- From: Stephen Farrell <stephen.farrell@cs.tcd.ie>
- Date: Fri, 09 May 2008 14:34:06 +0100
- To: Johnathan Nightingale <johnath@mozilla.com>
- CC: Thomas Roessler <tlr@w3.org>, W3C WSC W3C WSC Public <public-wsc-wg@w3.org>
Johnathan Nightingale wrote: > > Hey Thomas, > > The text below was proposed by me, and is in the document, and is > probably enough to close the issue. But in side conversations with Mez, > I ruminated over the fact that it's not clear to me whether this > renders, e.g., Firefox 3 non-compliant. I *think* we'd be fine, because > this line seems to carry the day: > >>> The requirements in this section do not require user agents to >>> store information about past interactions longer than they >>> otherwise would. > > But the thing is, we DO store plenty of information about past > interactions: browsing history, bookmarks, saved passwords, cookies, as > examples. But we do NOT store historical TLS information.

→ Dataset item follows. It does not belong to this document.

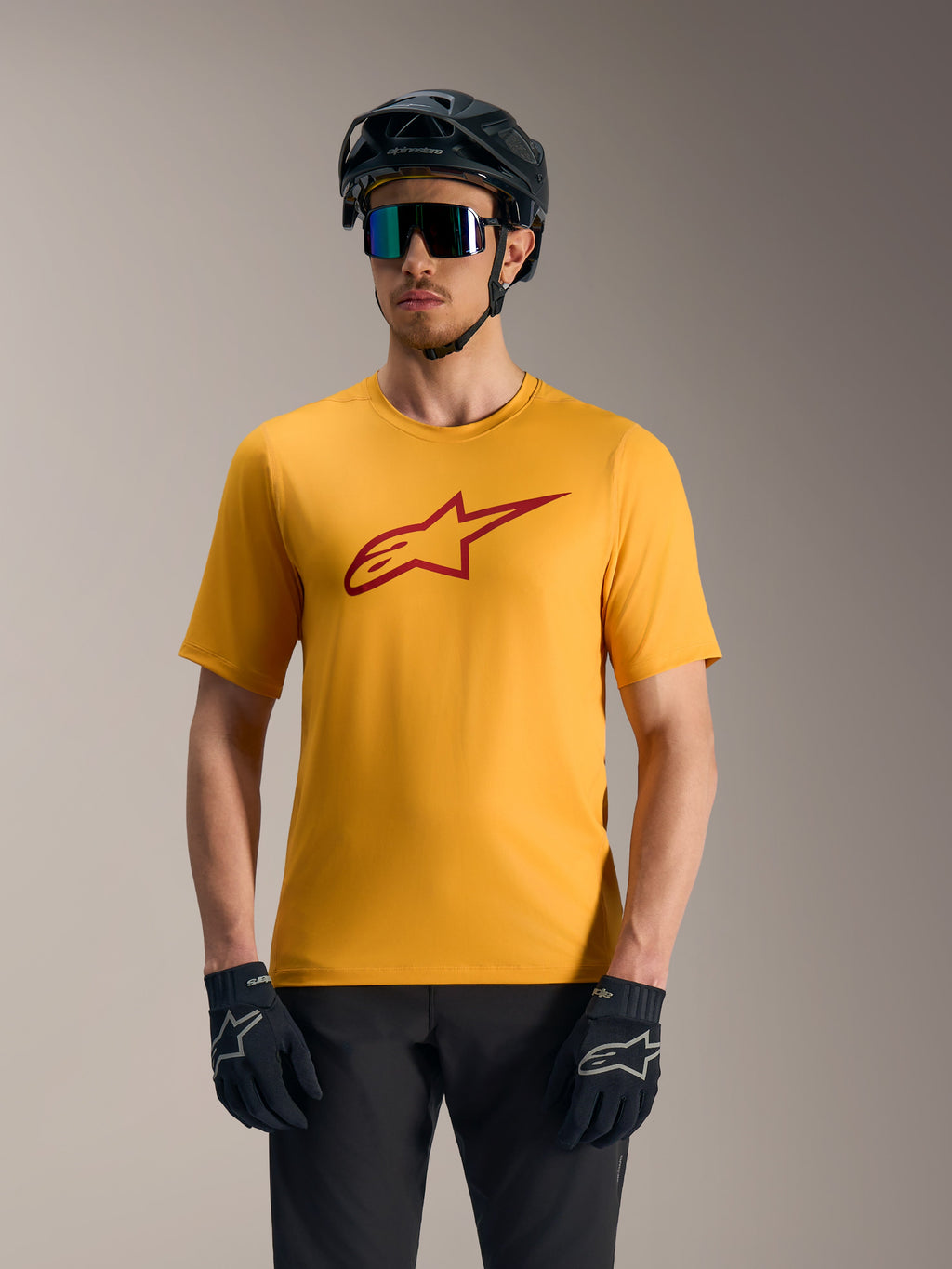Orange A-Dura Ride kortärmad tröja med röd Astars-logotyp, matchad med mountainbike-hjälm och handskar.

I *think* > that's still okay, ... Have to say that that interpretation didn't occur to me at all, so I guess, like Thomas, I'd rather that whatever do write down implies that UAs are to store historical TLS info. While I can see why an implementer might not be overjoyed with that change, I don't think that we should limit ourselves to producing a REC with which current UAs are already compliant. S.